Aku telepon ibuku dengan histeris. Sebal dan gemetar karena harus menunggu hingga berkali-kali dering baru dijawab. Lalu menelepon kakakku yang masih di kantor. Menelepon kakakku yang lain lagi. Menelepon redakturku untuk izin karena dia menungguku di kantor.
Sembilan bulan kemudian. Hampir magrib. Badanku lemah karena terserang typus. Ponsel ku biarkan mati total karena lowbat. Aku keluar rumah ingin mencari udara segar. Sudah beberapa hari aku meringkuk di kamar.
Aku keluar mencari makanan yang bisa menggugah selera makanku. Tapi tidak ada yang menarik perhatianku. Aku melangkah teramat pelan. Biasa. Menjelang malam, penderita typus akan kembali diserang demam. Aku putuskn untuk pulang.
Di rumah, aku menyalakan handphoneku. Dan menjerit histeris membaca pesan singkat: Kenapa sih hp lo gw teleponin susah banget? Tghe meninggal di rumah sakit 30 menit yang lalu!”
Gelap! Tubuhku makin lunglai. Aku sejak dulu memang benci jika ponsel mati karena kehabisan baterai. Sudah banyak cerita orang kecewa karena ada kebutuhan mendesak sehingga harus menghubungi seseorang di telepon tetapi yang dihubungi tidak menjawab. Karena lowbat. Atau sengaja tidak diangkat karena sedang di jalan.

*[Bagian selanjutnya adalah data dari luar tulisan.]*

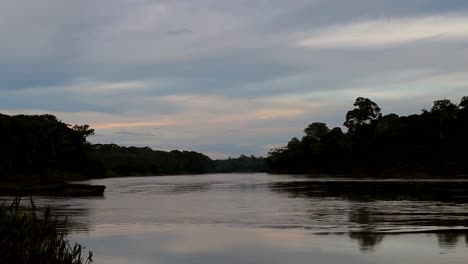 Tropischer-Amazonas-Regenwald-Fluss-Bei-Sonnenuntergang-Mit-Silhouette-Der-Bäume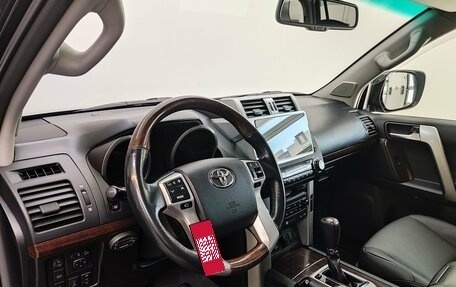 Toyota Land Cruiser Prado 150 рестайлинг 2, 2013 год, 3 390 000 рублей, 14 фотография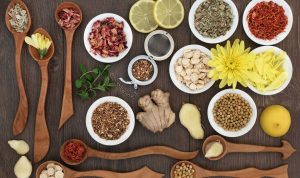 Terapi herbal tradisional membuktikan dirinya sebagai salah satu bentuk pengobatan yang bertahan di tengah kemajuan zaman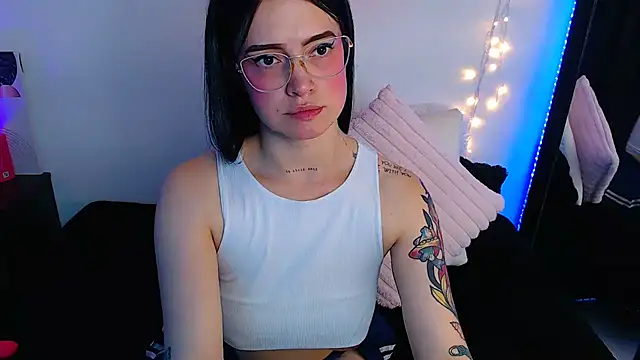 Snapshot of Isa_Maiden1 chatting on February 22, 2026, 5:00 pm Isa Maiden1 online show from February 22, 2026, 5:00 pm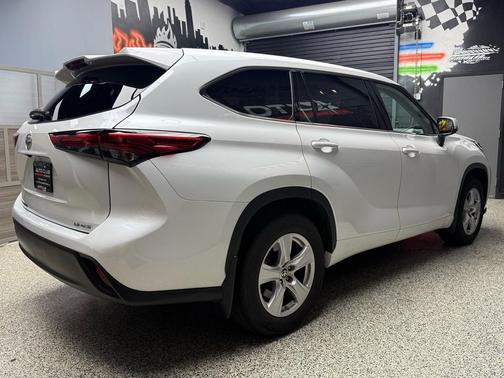 Wind Chill Pearl (089) 2022 Toyota Highlander LE
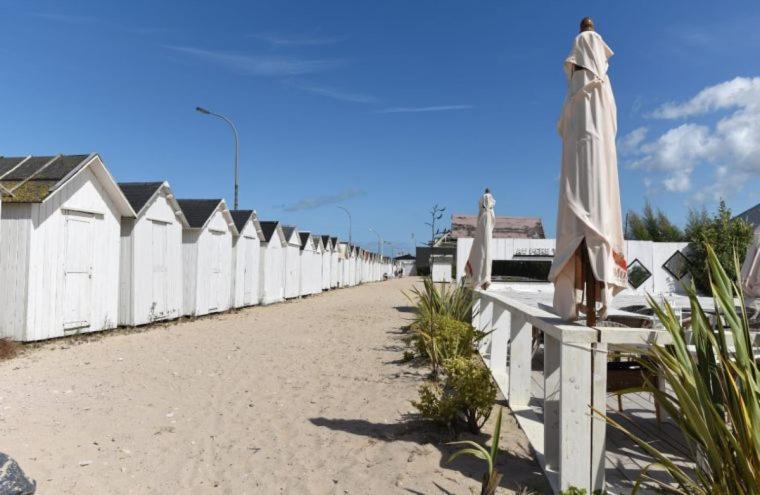 Les Pieds Dans L'Eau - Acces Direct A La Plage Bernieres-sur-Mer Ngoại thất bức ảnh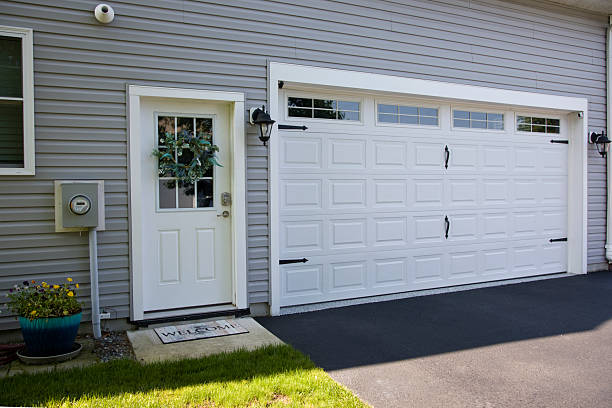 24/7 Emergency Garage Door Panel Replacement experts in Marbury, AL
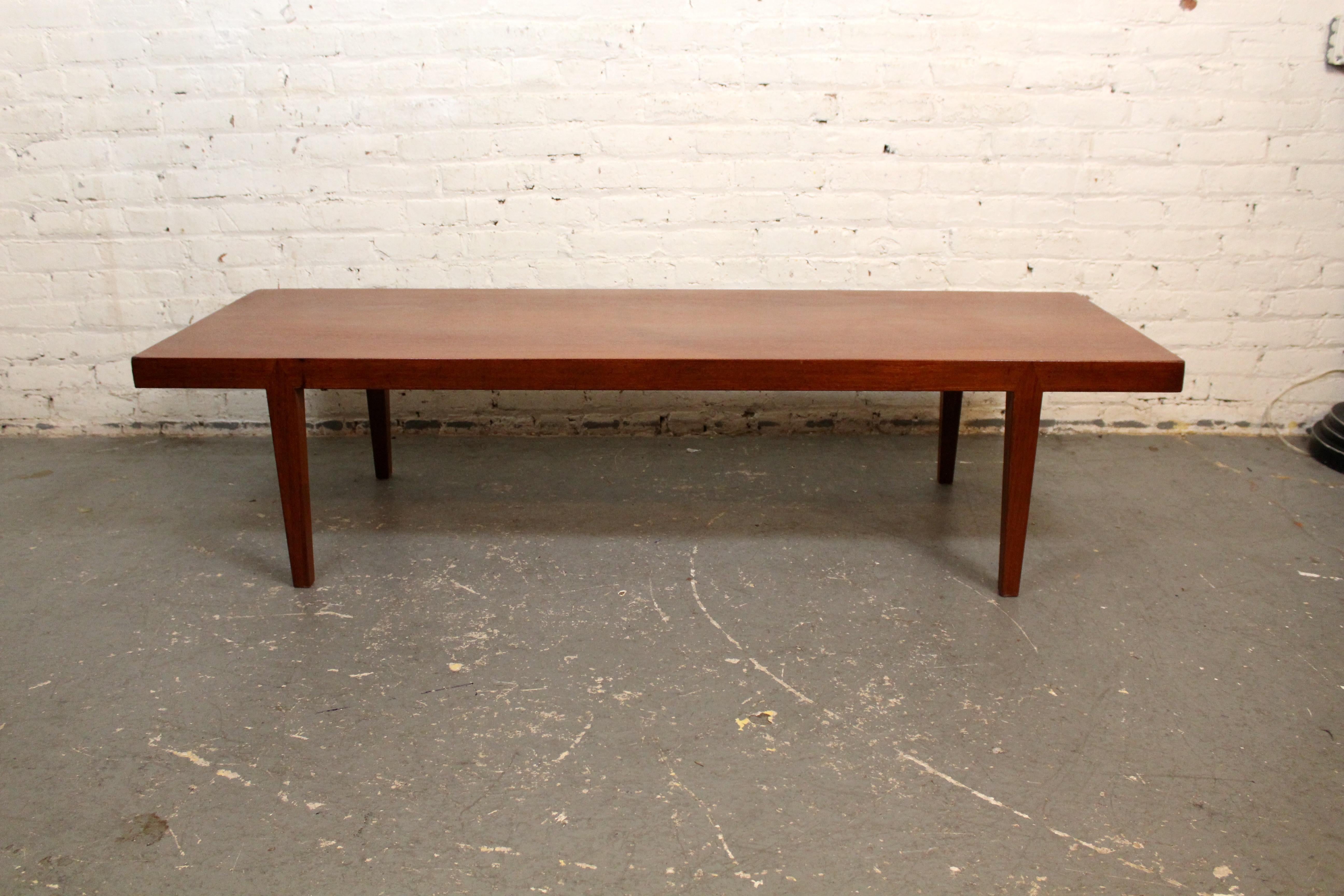 Mid-Century Vintage Danish Modern Teak Couchtisch (Moderne der Mitte des Jahrhunderts) im Angebot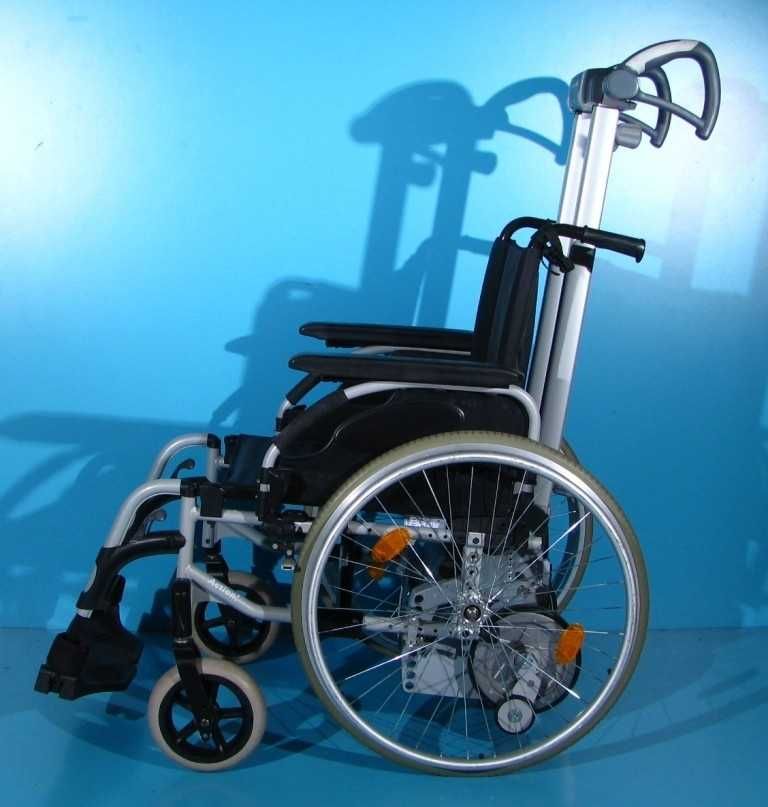 Elevator pentru urcat scari Alber Scalamobil S35 / Invacare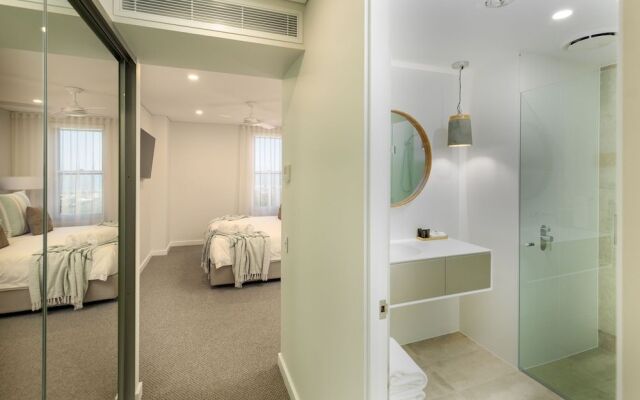 Astina Suites Forster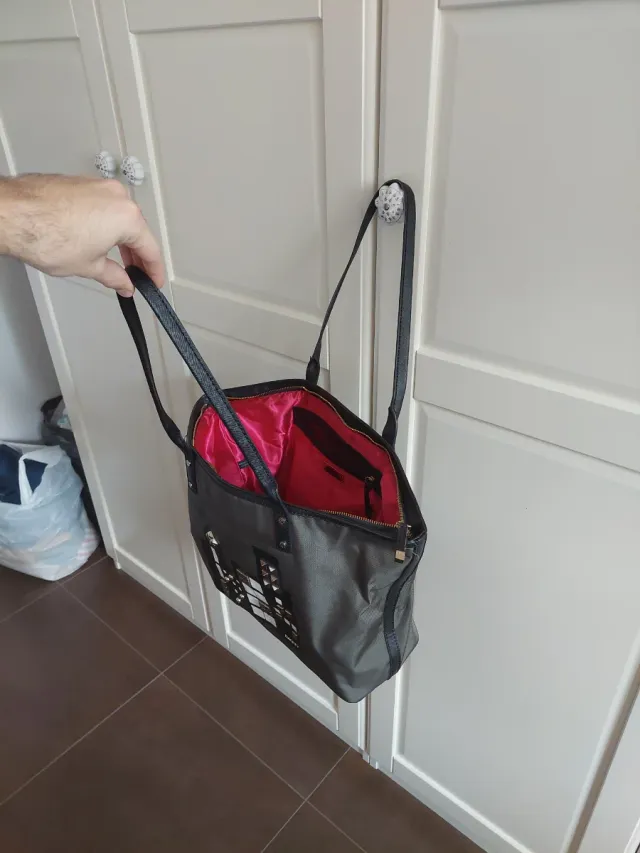 Bolso DKNY Gris con Detalles Dorados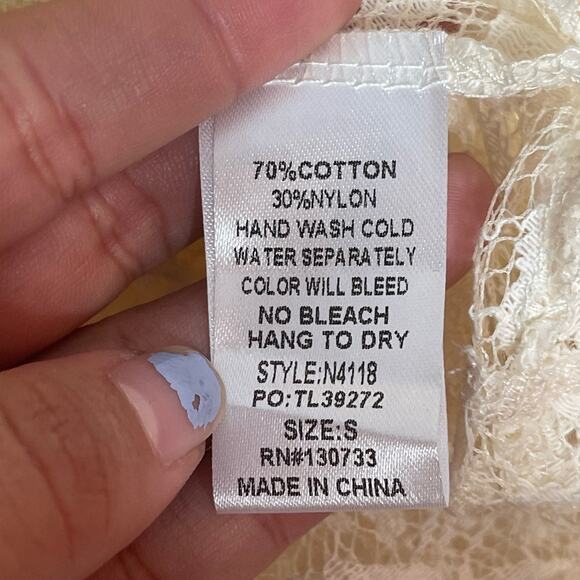 NEW UMGEE Floral Lace Top Women's Size Small Cream Crochet Ruffle 3/4 Sleeve - Picture 9 of 9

Aku juga tidak suka jika telepon tidak dijawab karena yang dihubungi sedang mengendarai motor. Tidak bisakah menepi sebentar untuk menjawab telepon? Kalau sesuatu terjadi pada si penelepon bagaimana? Tidak ada yang tahu apa yang akan terjadi. Maka bersiaplah setiap waktu. Jawablah selagi kita tahu dan mendengar telepon. Berhentilah sejenak untuk sekadar bertanya, “Ada apa?” Jika tak penting, tutup saja telepon itu semau kita.